Information supplied:
• • •
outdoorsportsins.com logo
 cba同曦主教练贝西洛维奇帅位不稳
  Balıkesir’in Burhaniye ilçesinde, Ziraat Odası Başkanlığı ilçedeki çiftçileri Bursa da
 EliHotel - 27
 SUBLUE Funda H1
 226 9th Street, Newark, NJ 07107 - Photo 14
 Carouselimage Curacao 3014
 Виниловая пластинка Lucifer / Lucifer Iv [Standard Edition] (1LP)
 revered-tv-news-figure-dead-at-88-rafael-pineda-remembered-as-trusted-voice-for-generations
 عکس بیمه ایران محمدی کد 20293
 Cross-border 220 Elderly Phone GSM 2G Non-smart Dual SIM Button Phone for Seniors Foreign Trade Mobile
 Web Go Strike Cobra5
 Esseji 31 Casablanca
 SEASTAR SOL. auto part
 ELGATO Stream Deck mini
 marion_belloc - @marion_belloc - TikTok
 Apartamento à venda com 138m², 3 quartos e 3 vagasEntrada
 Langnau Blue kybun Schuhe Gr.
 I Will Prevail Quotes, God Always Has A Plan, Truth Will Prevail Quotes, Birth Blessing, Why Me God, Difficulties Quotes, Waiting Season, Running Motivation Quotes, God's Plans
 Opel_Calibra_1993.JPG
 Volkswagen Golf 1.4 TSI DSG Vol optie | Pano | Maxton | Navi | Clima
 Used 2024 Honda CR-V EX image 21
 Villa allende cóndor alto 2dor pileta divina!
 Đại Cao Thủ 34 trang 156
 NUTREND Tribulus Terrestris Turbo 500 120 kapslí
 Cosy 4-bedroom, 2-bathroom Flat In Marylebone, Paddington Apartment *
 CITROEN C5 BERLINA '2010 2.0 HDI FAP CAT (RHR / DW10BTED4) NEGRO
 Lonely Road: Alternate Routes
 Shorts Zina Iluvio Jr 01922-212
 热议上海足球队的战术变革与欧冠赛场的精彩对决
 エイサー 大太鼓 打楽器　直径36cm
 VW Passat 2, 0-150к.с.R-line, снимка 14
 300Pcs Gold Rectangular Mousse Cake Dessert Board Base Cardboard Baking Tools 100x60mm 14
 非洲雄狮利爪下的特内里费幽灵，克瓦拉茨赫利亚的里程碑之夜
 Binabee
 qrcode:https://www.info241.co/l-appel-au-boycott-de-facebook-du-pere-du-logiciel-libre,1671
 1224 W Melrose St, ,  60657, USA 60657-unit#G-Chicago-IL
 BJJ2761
• • •
What to work on:
A verbatim transcription is required: the first line of the listing, the line containing "Carouselimage Curacao 3014", and every line between them.

Answer space:
outdoorsportsins.com logo
 cba同曦主教练贝西洛维奇帅位不稳
  Balıkesir’in Burhaniye ilçesinde, Ziraat Odası Başkanlığı ilçedeki çiftçileri Bursa da
 EliHotel - 27
 SUBLUE Funda H1
 226 9th Street, Newark, NJ 07107 - Photo 14
 Carouselimage Curacao 3014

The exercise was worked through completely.